[Opening Extracted records section]
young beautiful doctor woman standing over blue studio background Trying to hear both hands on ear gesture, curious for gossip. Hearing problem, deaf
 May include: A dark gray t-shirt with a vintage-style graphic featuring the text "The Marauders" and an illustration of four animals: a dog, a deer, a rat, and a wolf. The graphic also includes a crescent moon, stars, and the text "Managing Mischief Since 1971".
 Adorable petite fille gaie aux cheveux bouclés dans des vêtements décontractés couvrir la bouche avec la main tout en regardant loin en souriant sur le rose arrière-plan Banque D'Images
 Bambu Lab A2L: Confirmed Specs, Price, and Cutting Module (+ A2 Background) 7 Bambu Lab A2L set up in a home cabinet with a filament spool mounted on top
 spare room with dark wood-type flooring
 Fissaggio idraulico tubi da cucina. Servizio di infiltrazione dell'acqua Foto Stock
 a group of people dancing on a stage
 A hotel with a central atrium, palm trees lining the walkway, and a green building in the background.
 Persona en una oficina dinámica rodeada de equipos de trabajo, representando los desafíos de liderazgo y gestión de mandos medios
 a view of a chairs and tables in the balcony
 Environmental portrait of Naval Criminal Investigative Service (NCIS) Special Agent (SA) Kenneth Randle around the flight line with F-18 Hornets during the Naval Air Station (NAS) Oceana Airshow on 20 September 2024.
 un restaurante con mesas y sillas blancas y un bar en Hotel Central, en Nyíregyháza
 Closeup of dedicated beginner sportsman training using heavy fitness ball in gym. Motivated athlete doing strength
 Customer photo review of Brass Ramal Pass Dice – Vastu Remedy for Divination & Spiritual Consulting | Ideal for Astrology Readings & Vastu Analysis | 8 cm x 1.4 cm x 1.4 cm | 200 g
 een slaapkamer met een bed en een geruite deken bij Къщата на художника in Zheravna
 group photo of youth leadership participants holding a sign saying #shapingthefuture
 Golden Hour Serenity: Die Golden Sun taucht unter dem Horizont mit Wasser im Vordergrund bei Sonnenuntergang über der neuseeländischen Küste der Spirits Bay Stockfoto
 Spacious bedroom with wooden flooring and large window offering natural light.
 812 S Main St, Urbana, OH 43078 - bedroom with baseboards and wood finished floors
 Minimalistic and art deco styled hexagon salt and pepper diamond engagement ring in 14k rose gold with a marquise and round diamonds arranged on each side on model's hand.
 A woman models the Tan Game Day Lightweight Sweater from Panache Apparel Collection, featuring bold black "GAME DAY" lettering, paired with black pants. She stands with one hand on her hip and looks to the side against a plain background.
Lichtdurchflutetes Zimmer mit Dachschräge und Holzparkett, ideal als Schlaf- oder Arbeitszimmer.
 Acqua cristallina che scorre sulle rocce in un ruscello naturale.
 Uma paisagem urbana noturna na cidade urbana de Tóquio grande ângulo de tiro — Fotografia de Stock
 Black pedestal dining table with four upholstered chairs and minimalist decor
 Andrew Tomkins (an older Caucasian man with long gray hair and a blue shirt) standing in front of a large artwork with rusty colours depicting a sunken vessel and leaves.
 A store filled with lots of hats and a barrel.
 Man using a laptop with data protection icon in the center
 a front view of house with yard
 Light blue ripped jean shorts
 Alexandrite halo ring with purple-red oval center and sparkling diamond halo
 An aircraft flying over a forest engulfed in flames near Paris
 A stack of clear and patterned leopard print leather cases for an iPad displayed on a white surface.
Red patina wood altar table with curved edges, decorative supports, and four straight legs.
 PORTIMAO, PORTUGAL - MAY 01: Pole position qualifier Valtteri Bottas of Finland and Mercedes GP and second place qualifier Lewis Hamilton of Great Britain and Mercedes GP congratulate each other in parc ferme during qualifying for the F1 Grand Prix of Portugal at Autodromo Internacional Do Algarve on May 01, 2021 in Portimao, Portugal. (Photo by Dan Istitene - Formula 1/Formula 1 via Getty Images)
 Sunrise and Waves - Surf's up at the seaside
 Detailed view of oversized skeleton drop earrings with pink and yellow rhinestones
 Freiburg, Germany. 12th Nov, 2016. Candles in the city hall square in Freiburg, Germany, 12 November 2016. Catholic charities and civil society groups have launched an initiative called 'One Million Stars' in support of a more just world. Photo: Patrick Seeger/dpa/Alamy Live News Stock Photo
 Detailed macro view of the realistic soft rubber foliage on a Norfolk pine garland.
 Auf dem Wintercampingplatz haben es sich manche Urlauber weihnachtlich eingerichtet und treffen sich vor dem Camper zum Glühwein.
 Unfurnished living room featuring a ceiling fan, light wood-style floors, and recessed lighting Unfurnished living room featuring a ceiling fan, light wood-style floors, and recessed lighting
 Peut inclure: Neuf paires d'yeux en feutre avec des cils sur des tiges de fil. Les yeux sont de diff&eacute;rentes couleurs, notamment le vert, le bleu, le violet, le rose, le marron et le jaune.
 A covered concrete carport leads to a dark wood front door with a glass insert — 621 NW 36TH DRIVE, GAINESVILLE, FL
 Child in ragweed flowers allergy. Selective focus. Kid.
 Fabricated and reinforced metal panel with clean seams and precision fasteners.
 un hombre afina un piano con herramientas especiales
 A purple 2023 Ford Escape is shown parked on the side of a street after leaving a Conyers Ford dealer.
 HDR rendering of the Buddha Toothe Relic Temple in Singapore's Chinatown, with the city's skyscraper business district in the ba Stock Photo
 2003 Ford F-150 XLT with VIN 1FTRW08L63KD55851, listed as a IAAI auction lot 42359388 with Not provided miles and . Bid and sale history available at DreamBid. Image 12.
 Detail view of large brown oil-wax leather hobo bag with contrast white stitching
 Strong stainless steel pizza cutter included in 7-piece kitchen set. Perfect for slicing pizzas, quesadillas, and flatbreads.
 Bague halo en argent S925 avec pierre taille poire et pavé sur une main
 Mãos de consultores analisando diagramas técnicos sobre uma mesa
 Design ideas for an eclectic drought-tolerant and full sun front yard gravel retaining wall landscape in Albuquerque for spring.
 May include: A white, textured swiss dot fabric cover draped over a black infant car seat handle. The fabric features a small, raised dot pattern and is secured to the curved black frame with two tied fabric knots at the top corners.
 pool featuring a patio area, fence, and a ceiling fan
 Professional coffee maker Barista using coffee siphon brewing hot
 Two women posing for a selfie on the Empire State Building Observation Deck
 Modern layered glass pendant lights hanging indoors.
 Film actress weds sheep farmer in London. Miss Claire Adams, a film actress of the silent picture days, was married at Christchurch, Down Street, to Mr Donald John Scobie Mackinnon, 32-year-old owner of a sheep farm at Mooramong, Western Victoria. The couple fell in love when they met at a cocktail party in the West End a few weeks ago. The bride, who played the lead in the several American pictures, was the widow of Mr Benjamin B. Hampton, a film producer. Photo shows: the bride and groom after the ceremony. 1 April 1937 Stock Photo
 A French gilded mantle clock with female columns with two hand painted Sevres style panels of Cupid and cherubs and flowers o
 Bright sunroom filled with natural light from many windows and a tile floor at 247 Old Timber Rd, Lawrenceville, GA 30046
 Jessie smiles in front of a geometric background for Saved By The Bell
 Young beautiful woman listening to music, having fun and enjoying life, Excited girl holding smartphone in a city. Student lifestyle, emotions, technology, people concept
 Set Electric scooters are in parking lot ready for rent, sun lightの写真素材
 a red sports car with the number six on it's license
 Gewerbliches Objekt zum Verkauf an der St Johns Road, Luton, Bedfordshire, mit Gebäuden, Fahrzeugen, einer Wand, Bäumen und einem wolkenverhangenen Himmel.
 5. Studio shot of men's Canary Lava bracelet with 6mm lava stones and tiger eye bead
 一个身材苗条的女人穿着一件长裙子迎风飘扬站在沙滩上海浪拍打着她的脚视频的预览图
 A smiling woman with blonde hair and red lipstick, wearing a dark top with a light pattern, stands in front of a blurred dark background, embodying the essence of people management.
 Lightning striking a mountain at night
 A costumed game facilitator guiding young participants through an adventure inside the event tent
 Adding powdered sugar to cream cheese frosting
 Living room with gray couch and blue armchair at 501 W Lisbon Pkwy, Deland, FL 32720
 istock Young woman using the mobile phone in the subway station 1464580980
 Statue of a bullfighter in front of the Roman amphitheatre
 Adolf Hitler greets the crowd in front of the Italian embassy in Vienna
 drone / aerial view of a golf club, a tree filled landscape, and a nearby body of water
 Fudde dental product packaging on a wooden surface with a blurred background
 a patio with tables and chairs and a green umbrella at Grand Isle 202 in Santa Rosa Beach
[Closing Extracted records section]
● **Task details**
Please say how many lines above contain "leather", number only.

● **Response box**
2